I. OS HOMENS sempre se interessaram pelo tempo e pelo clima. Particularmente os lavradores e os homens do mar, por força das suas tarefas, sempre têm averiguado o estado do céu, a direção do vento, a forma das nuvens, na tentativa de fazerem um prognóstico. Nosso Senhor, no Evangelho da Missa1, faz notar aos que o escutam, pescadores e pessoas do campo na sua maioria: Quando vedes levantar-se uma nuvem no poente, logo dizeis: Vai chover; e assim sucede. E quando sentis soprar o vento do sul, dizeis: Fará calor; e assim sucede. Jesus censura-os, pois sabem prever a chuva e o bom tempo pelos sinais que aparecem no horizonte e, no entanto, não sabem discernir os sinais – muito mais abundantes e mais claros – que Deus envia para que averigúem e saibam que o Messias já chegou: Como, pois, não sabeis reconhecer o tempo presente?

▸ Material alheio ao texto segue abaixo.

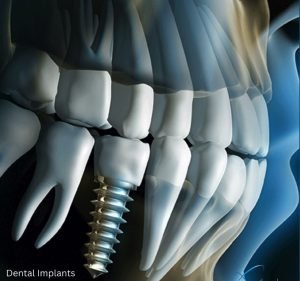 North Sydney Dental Practice Dentist in North Sydney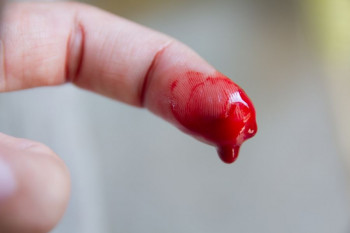 هنگام خونریزی یا قطع عضوی از بدن چه باید کرد ؟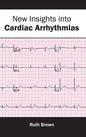 New Insights Into Cardiac Arrhythmias - Hardcover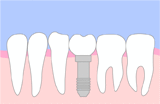 インプラント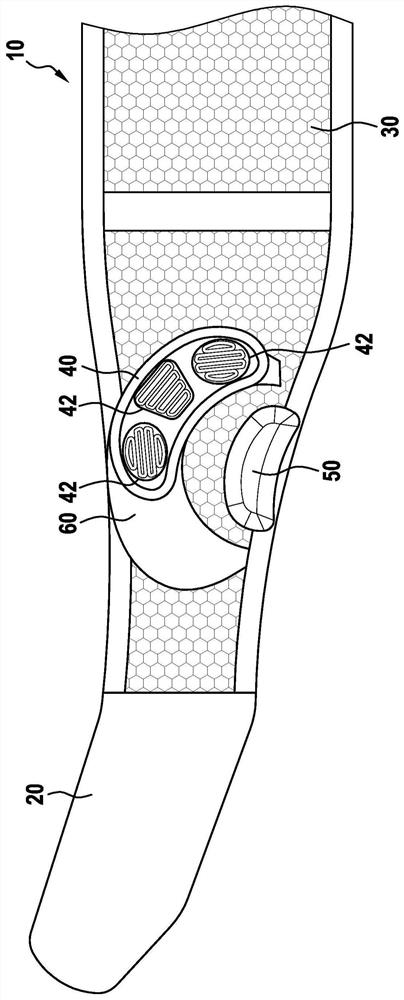 Removable hip orthosis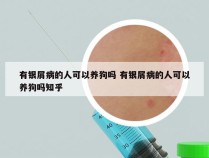 有银屑病的人可以养狗吗 有银屑病的人可以养狗吗知乎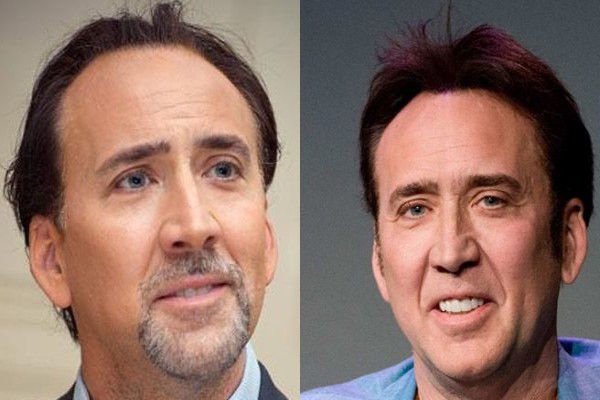 injerto capilar es más popular - Nicolas Cage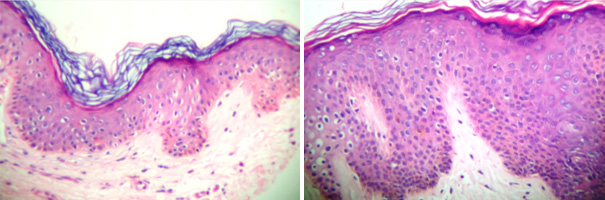 vaginal-biopsy.jpg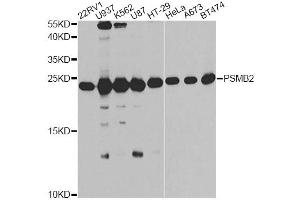 Western blot analysis of extracts of various cell lines, using PSMB2 antibody (ABIN6291444) at 1:1000 dilution. (PSMB2 抗体)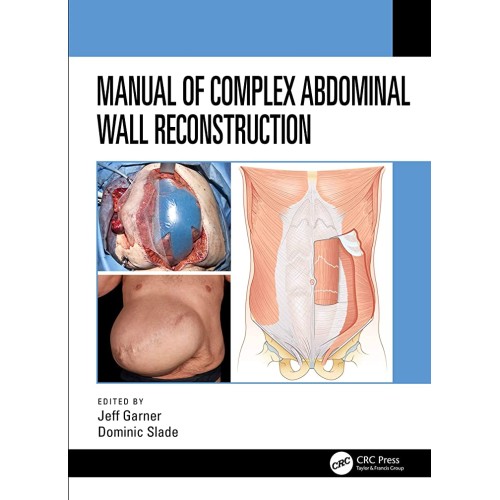 Manual Of Complex Abdominal Wall Reconstructi...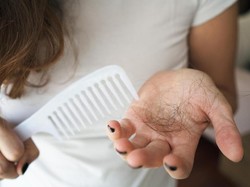 Rambut Sering Rontok? Ini Penyebab dan Cara Mengatasinya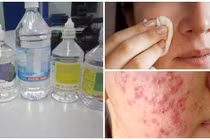 Rửa mặt nước muối có an toàn cho da?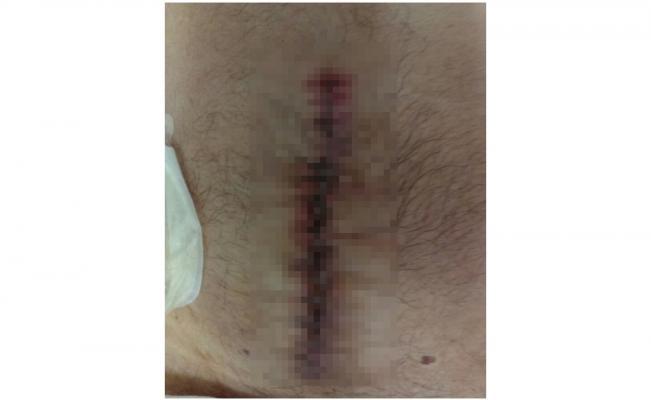 El_Universal_Mx's tweet image. #Historia "Los enfermeros y doctores sólo se echan la bolita y dejan morir lentamente a los pacientes” eluni.mx/2hR4eHW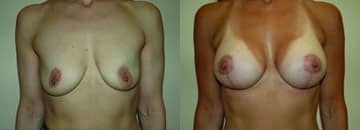 Breast Augmentation before and after photo by Dr. Richard A. Bartlett in Brookline, MA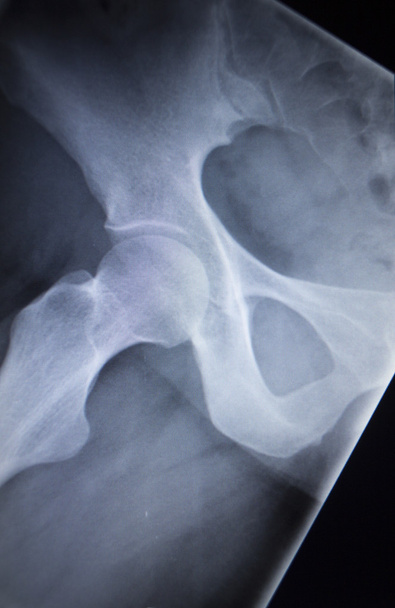 X-ray orthopedic scan  image of hip joints human skeleton - Photo, Image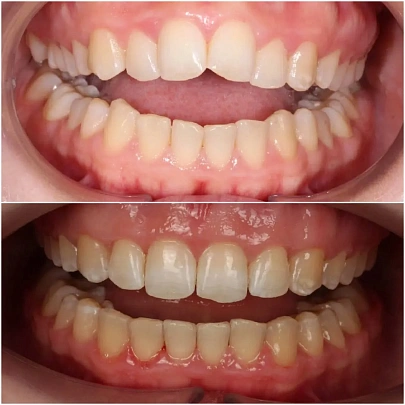 Лечим прикус на металлических брекетах H4 при сужении обеих челюстей за 25 месяцев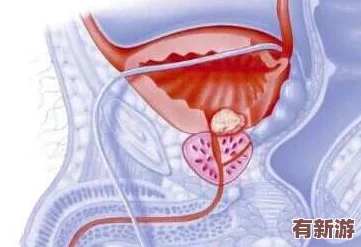 手腳綁起來拿刷子刷尿道孔的行為背后隱藏著怎樣的心理與動(dòng)機(jī)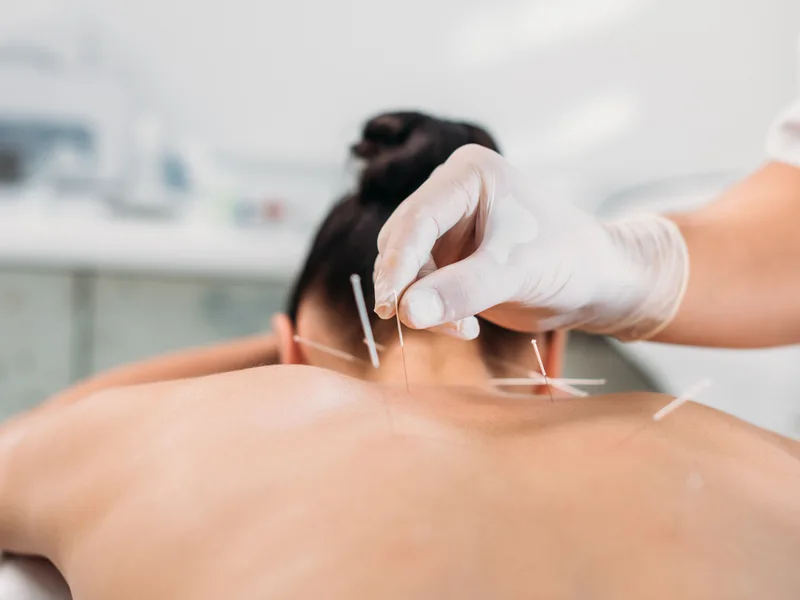 Dry Needling at Douglas DeSalvo Chiropractic, Inc. in NOVATO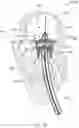 Fig. 18 - MITRAL VALVE PROSTHESIS IMPLANTATION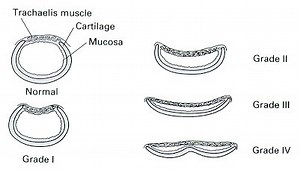 Tracheal Collapse in Dogs - Conquering the Cough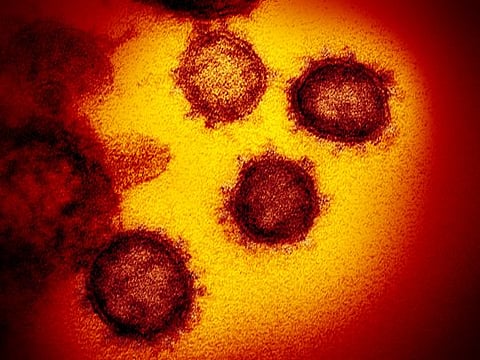 Most detailed picture of deadly novel coronavirus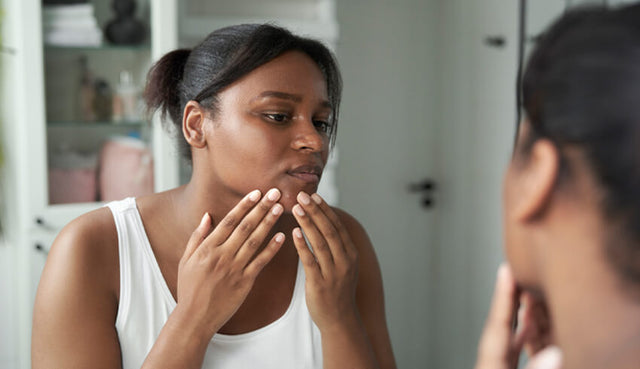 Hoe salicylzuur helpt om acné te voorkomen
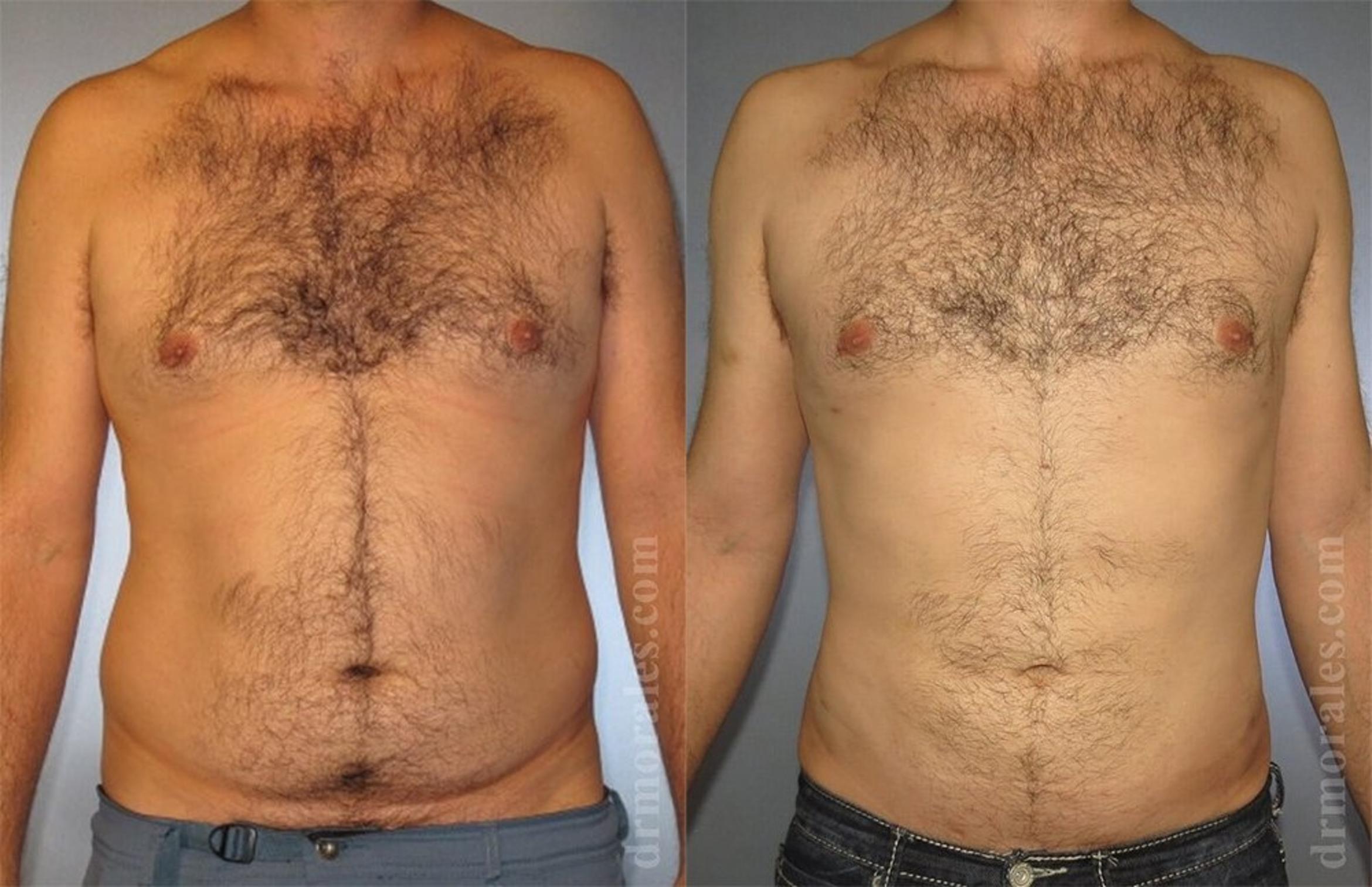 Before & After Liposuction Case 431 View 1 View in Houston, TX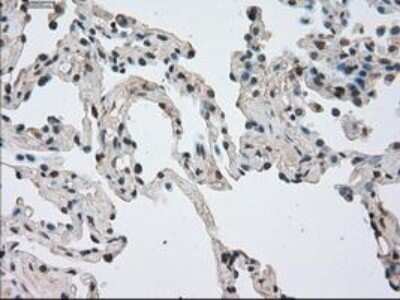 Immunohistochemistry: NEK6 Antibody (OTI5D7) - Azide and BSA Free [NBP2-72938]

Faltavam-lhes boa vontade e retidão de intenção, e fechavam os olhos à luz do Evangelho. Os sinais da chegada do Reino de Deus eram suficientemente claros na Palavra de Deus, que lhes chegava tão diretamente nos abundantes milagres realizados pelo Senhor e na própria Pessoa de Cristo que tinham diante dos olhos2. Apesar de tantos sinais – muitos deles já anunciados pelos Profetas –, não souberam discernir a situação presente. Deus estava no meio deles e muitos não se aperceberam disso.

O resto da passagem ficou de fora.